Exercise objective –
Copy out nothing but the lines from the one holding "AMI Paris Graue" through the end of the entries below, exactly as written and without the pictures.

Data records
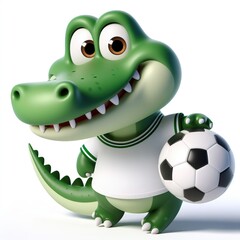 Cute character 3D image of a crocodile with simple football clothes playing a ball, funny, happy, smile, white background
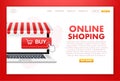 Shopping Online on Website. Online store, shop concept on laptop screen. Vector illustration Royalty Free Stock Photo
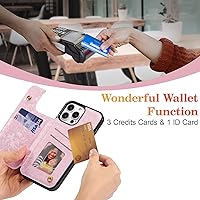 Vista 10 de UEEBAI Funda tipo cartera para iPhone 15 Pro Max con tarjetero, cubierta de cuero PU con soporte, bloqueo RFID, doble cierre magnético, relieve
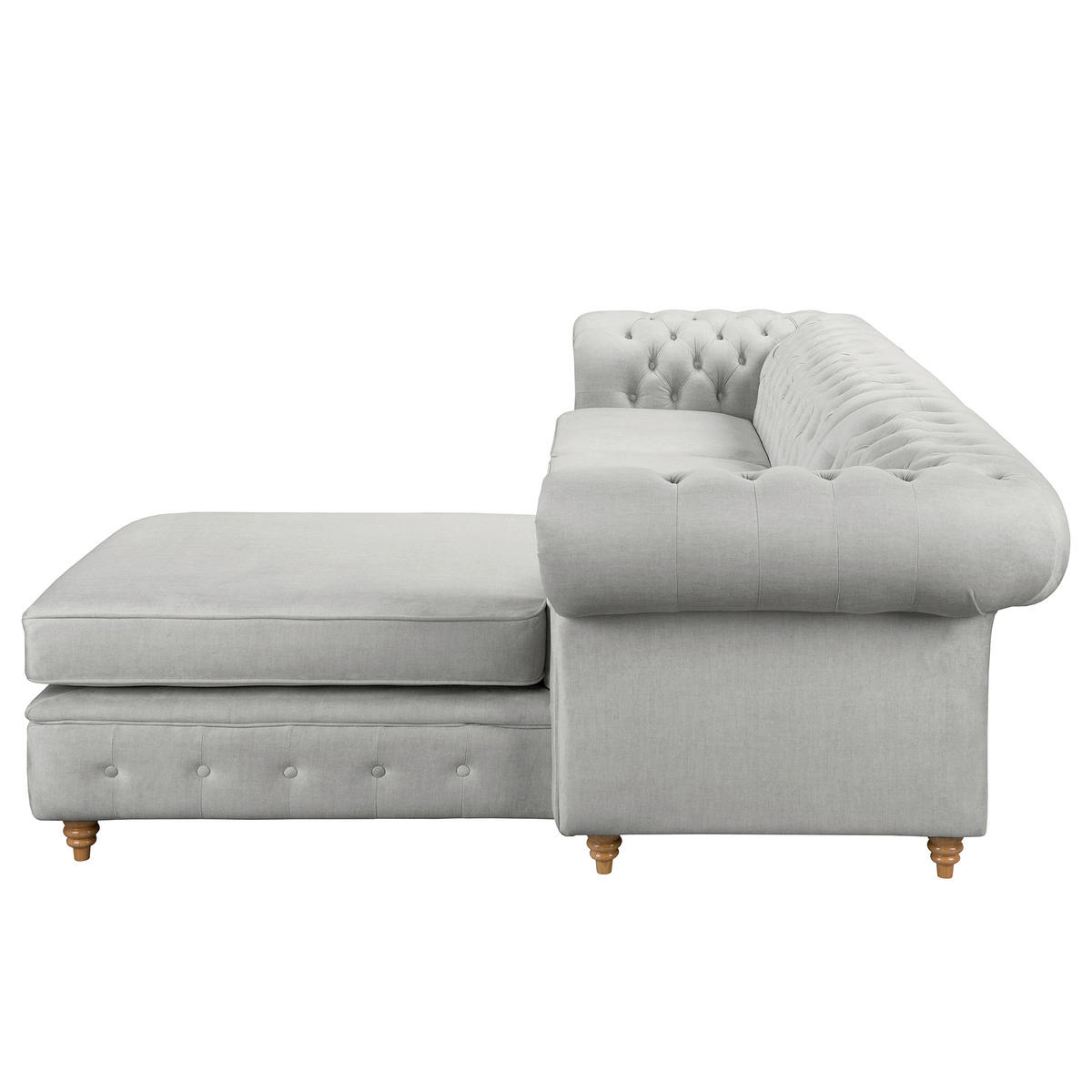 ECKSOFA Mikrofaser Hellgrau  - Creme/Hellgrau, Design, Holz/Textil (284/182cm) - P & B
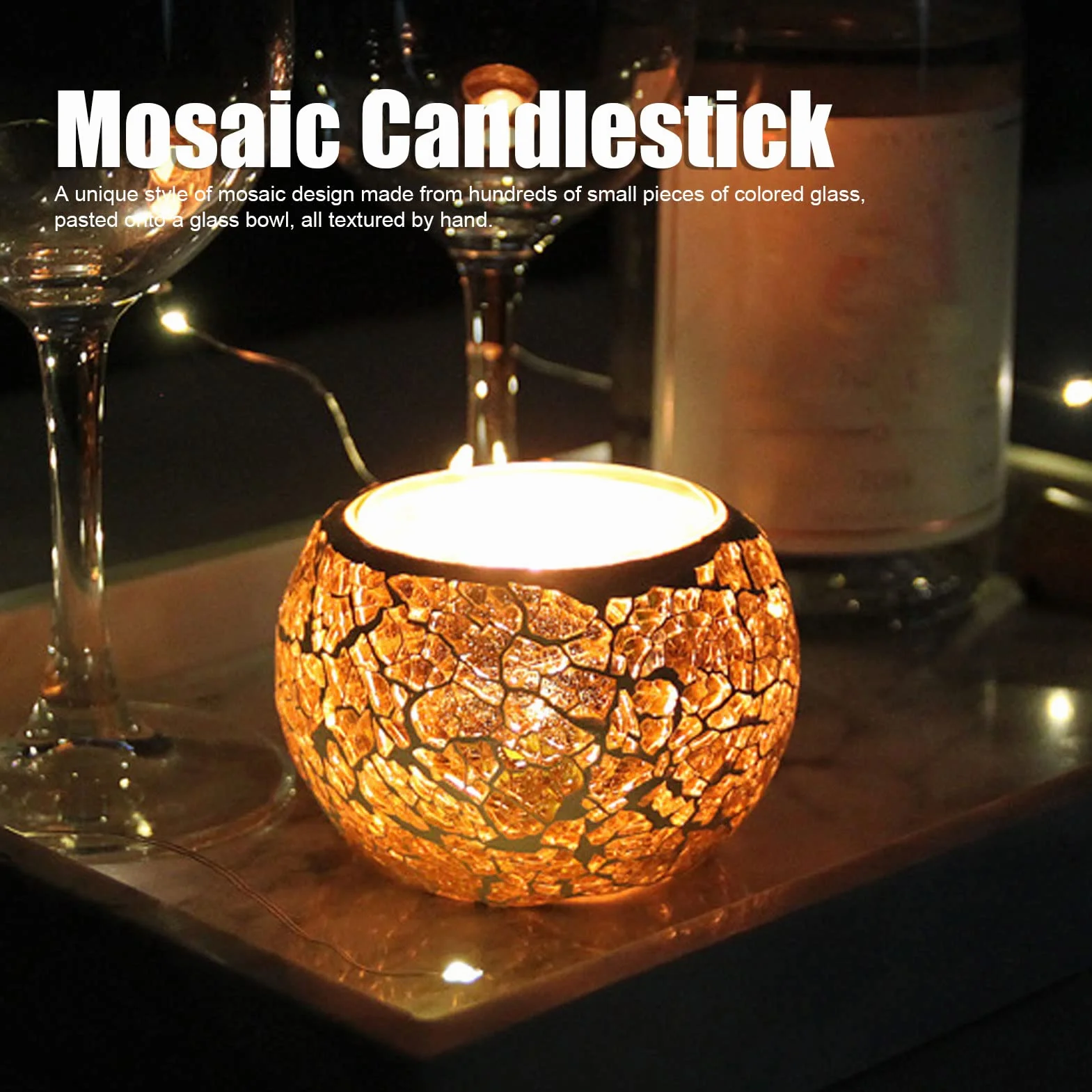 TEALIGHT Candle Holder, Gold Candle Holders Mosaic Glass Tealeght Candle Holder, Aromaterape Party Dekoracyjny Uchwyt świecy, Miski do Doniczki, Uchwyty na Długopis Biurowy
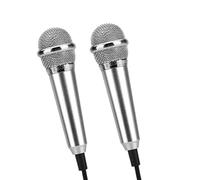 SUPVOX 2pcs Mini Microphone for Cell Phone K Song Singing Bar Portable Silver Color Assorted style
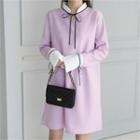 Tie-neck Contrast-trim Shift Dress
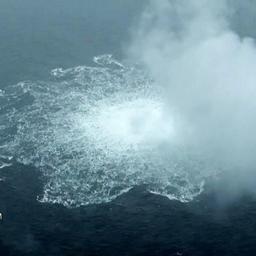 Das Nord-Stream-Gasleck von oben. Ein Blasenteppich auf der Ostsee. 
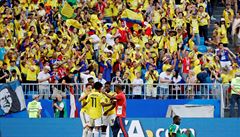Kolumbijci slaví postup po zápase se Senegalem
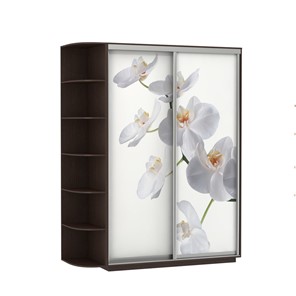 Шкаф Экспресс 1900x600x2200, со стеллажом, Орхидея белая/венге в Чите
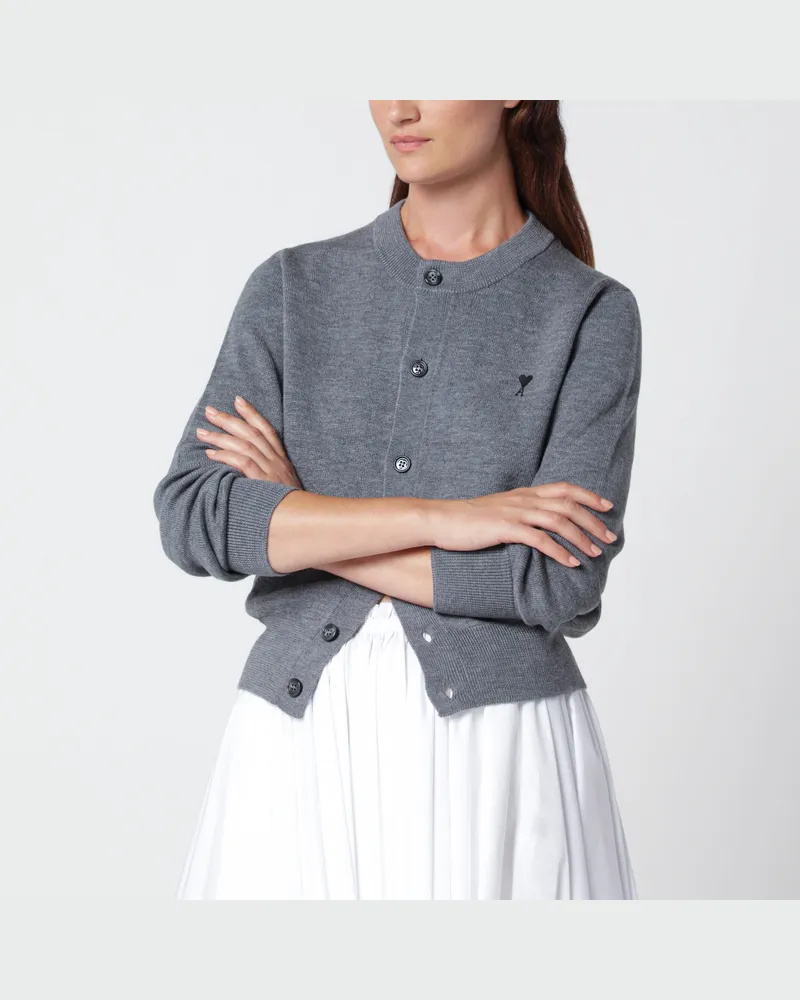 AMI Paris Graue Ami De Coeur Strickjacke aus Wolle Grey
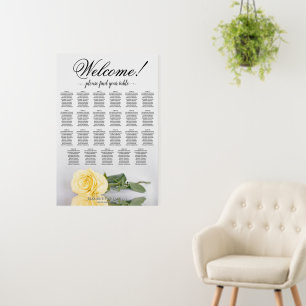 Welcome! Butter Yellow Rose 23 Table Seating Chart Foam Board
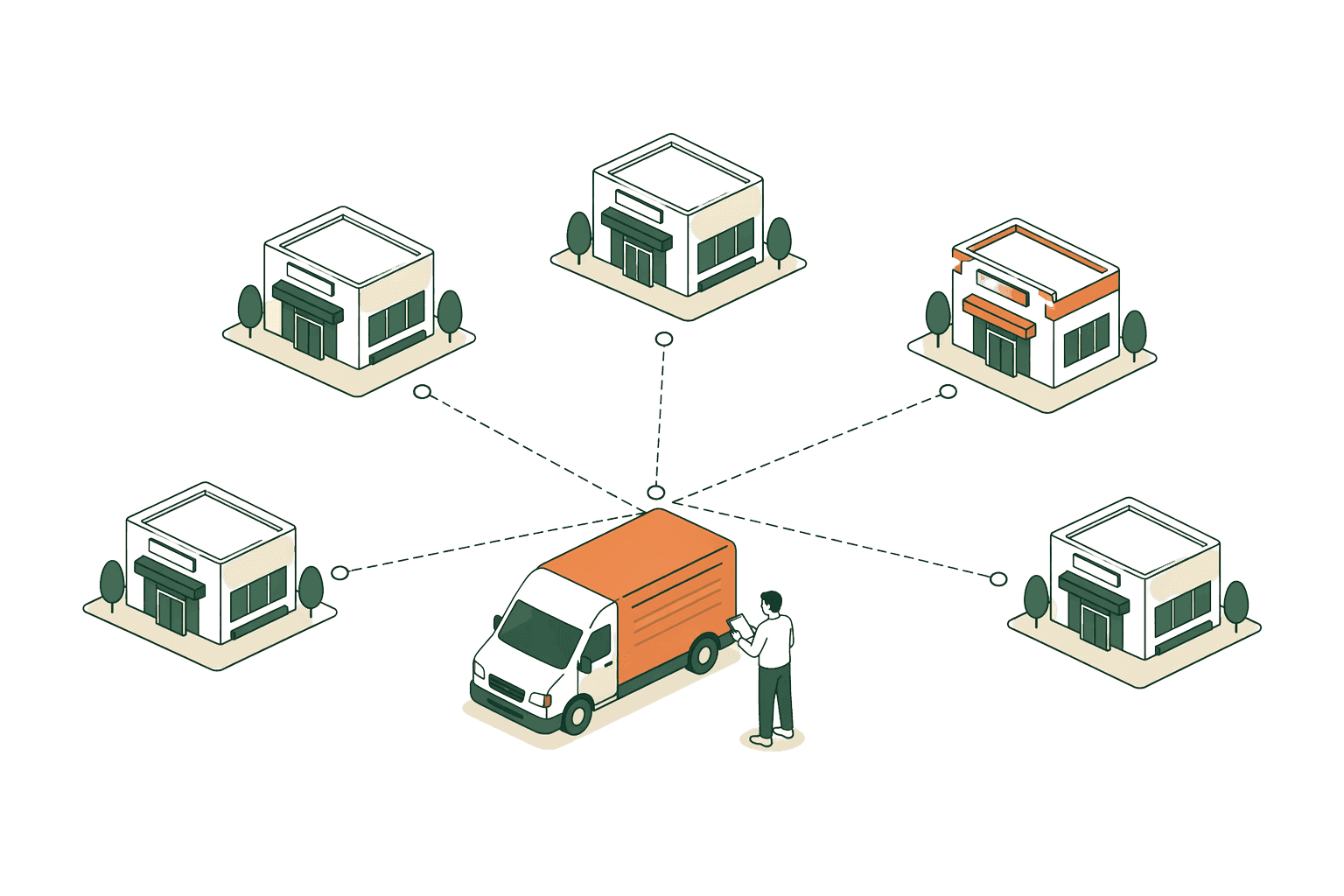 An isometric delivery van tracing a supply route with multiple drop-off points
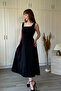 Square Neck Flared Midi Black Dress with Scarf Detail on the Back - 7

Task solution –
 AMI Paris Graue Ami De Coeur Strickjacke aus Wolle Grey
 Welcome! Butter Yellow Rose 23 Table Seating Chart Foam Board
 An isometric delivery van tracing a supply route with multiple drop-off points
 Square Neck Flared Midi Black Dress with Scarf Detail on the Back - 7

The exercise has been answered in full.